In my first blog post discussing my recent publication, The Dreadful Word, I described how the criminal law in eighteenth-century Massachusetts became attuned not only to ungodly speech but also to language deemed vulgar and impolite. I also discussed how the criminalization and punishment of impolite speech helped construct new hierarchies of social and political power more strongly oriented to empire. In this post I'll address the last few chapters of the book, where I explore what happened when resistance to imperial policies made those hierarchies unsustainable.
The regime of polite speech that had been established through the prosecution and punishment of vulgar language began to falter under the repeated hammer blows of loud public protest in the 1760s and 1770s. Popular resistance to British imperial policies leveraged traditional politics out-of-doors to a hitherto unprecedented extent. As previous hierarchies of speech premised upon gentility began to disintegrate, new distinctions based upon loyalty to country began to emerge.
Even in this fluid and contested environment, however, language retained its power to announce identity and negotiate relationships. Amid the disruptions and dislocations of the Revolutionary War, Massachusetts legislators found occasion to either renew or reconsider some of their previous statutes defining the criminal import of speech--and to craft new legislation about the significance of oaths. Meanwhile, county courts (when circumstances permitted their sitting) cocked their ears towards words from different mouths, even gentlemanly ones--a marked departure from their practices of previous decades.

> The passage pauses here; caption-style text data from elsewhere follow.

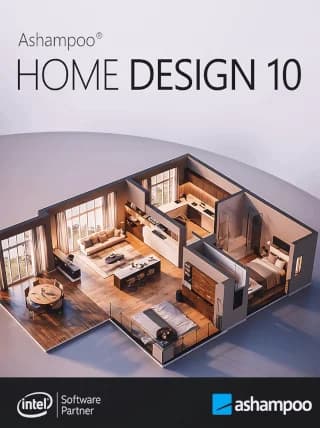 Ashampoo Home Design 10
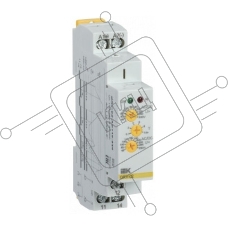 Реле повышения напряжения ORV 1ф 110-240В AC/DC ИЭК ORV-02-AD110-240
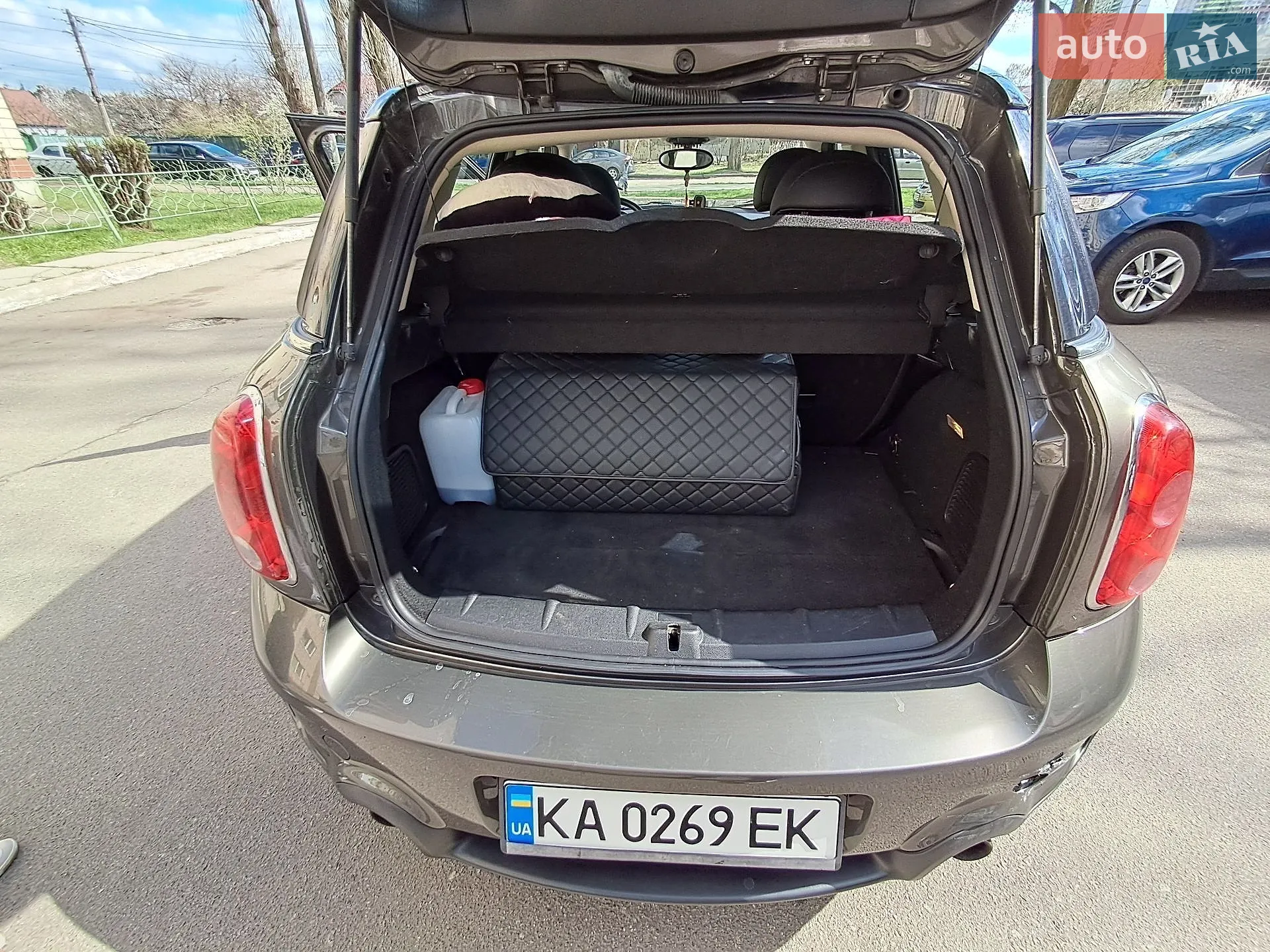2012 MINI Countryman - мініатюра 12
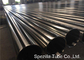 DIN EN10357 Stainless Steel Sanitary Pipe , DN10 - DN200 Stainless Steel Dairy Tube supplier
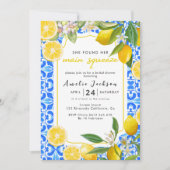 Ze vond haar Vrijgezellenfeest op het hoofdplein Kaart (Voorkant)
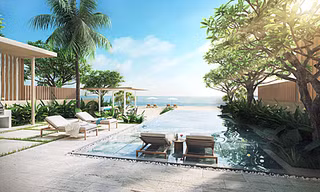 Bên cạnh những điểm lưu trú cao cấp, các nhà nghỉ, homestay vẫn được du khách lựa chọn, chủ yếu là khách đi lẻ, người thích đi du lịch bụi.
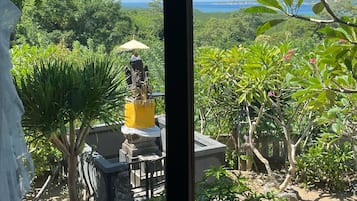 家庭平房, 海景 | 客房景观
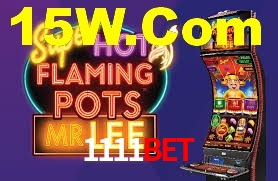 1111bet: Jogos de Caça-Níqueis-Altas Recompensas, Roleta-Velocidade, Blackjack-Desafios Máximos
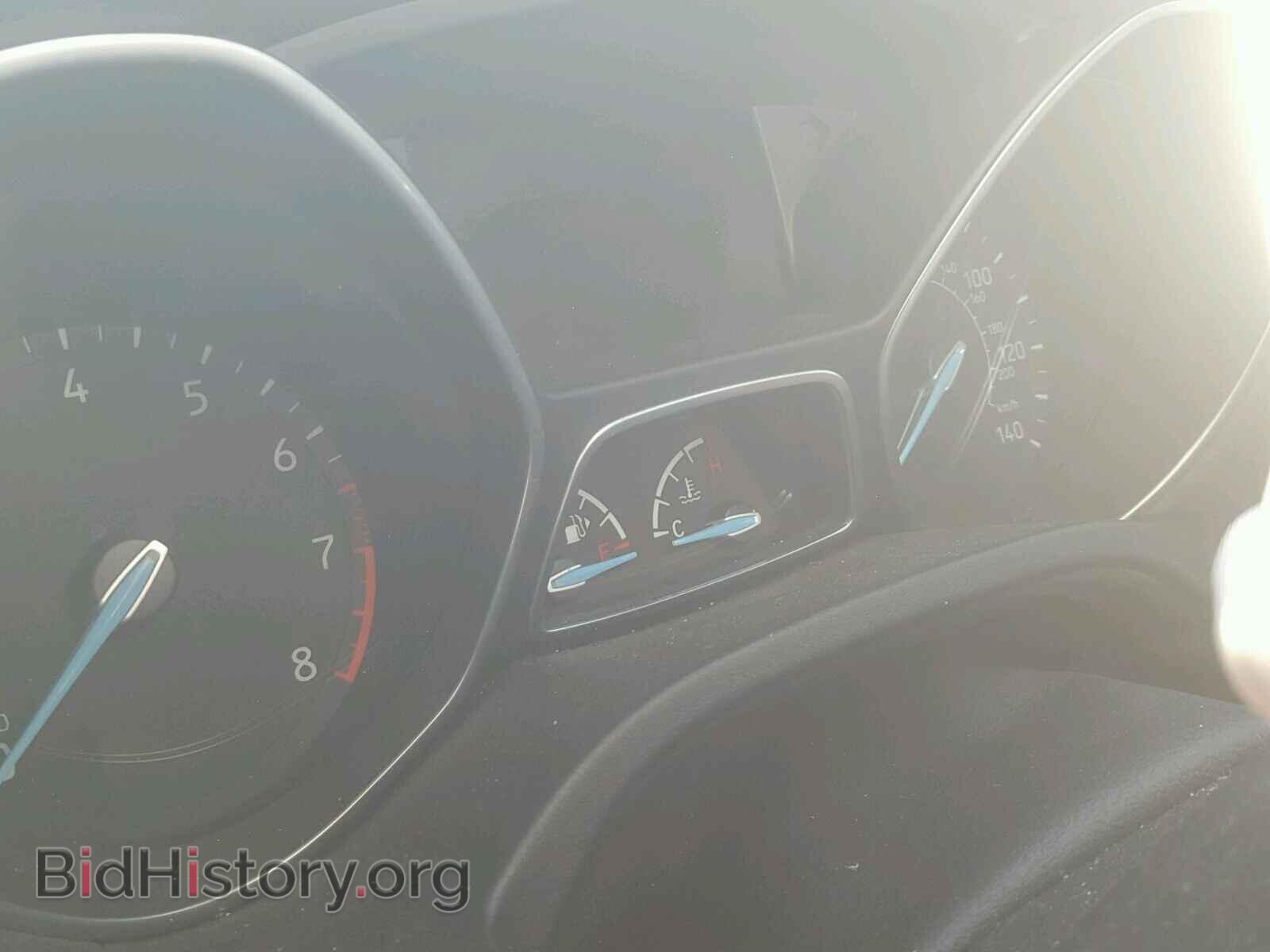 2015 FORD FOCUS - VIN: 1FADP3F24FL329000 - Фото 8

None of this is meant to suggest a radical democratization of the speech ethos in Revolutionary-era Massachusetts. Rather, the changes in how authorities defined and punished criminal speech, I would suggest, reflected and promoted contemporary feelings about the associations between language, power, politics, and law. These changes, of course, were occurring in the context of Enlightenment-era conversations about race, gender, reason, and the very construction of identity--and speech was at the center of many of these conversations. Other historians have written brilliantly on some of these ideas, and others remain to be explored. I only hope that The Dreadful Word can provide a useful starting point for future research and conversations about speech, power, and law.